The Cowdray engravings comprise five 18th-century engravings of 16th-century wall-paintings, originally commissioned by Sir Anthony Browne. The original paintings were destroyed by fire in 1793.

==History==
The Cowdray engravings are based on five paintings produced for Sir Anthony Browne, King Henry VIII's Master of the Horse. They were probably produced between 1545 and 1548 and were painted onto the walls of Browne's hall in Cowdray House. They showed key scenes in his life and might have been used by him when recounting stories during formal events. The painting included The Departure of King Henry VIII from Calais, The Encampment of King Henry VIII at Marquison, The Siege of Boulogne by King Henry VIII, The Encampment of the English forces near Portsmouth and The riding of King Edward VI from the Tower of London to Westminster.

Philip Yorke, the Earl of Hardwick and a keen antiquarian, proposed producing engravings of the paintings in the 1760s.

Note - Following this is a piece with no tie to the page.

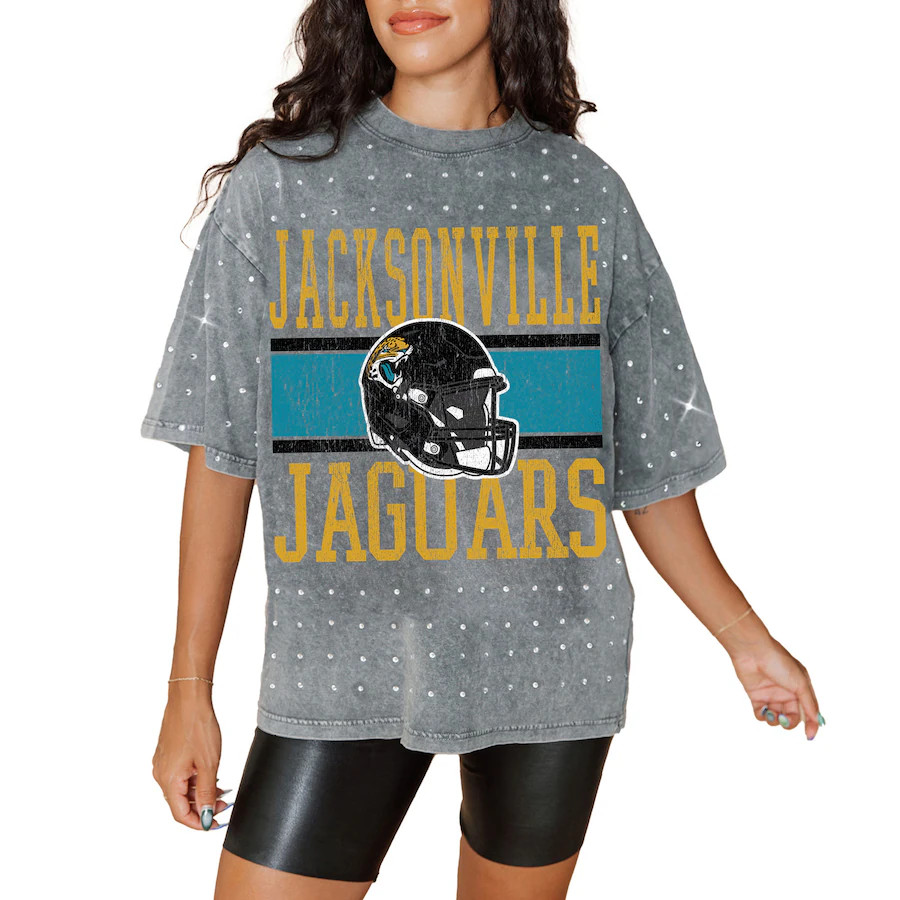 Jacksonville Jaguars Gameday Couture Women's Oversized Mini Rhinestone Classic T-Shirt - Gray | Fanatics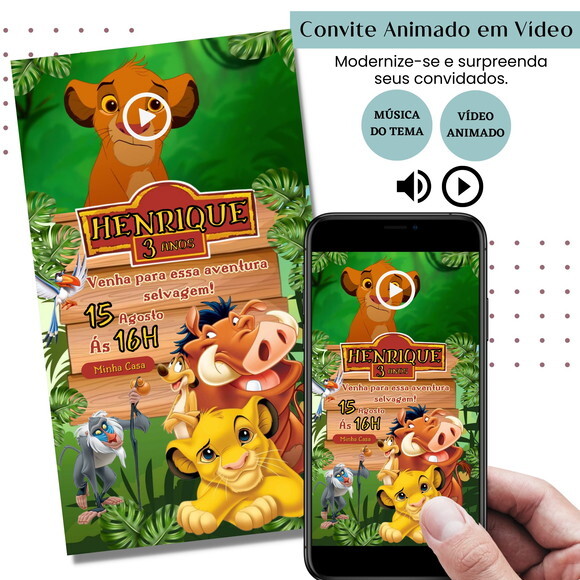 Convite em Vídeo o Rei Leão Simba Animado com Música Digital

His colleague, the antiquarian Sir Joseph Ayloffe, was spurred on by his interest and convinced the Society of Antiquaries to record them as engravings, as part of a longer series of historical prints produced by the society. The Encampment of the English Forces near Portsmouth was rendered as a watercolour by John and Charles Sherwin and then engraved by James Basire. Samuel Hieronymous Grimm copied the remaining four paintings which Basire then engraved. The engravings were published in 1788 with a print run of 400 copies, distributed to fellow of the society and sold to the public.

Cowdray House burnt down on 24 September 1793 and the paintings were mostly destroyed as the rendering came away from the walls, although some fragments may have survived for a few years after the fire. This left the engravings as the only record. The historian Bernard Nurse considers them to be "an important
record of the sixteenth-century originals".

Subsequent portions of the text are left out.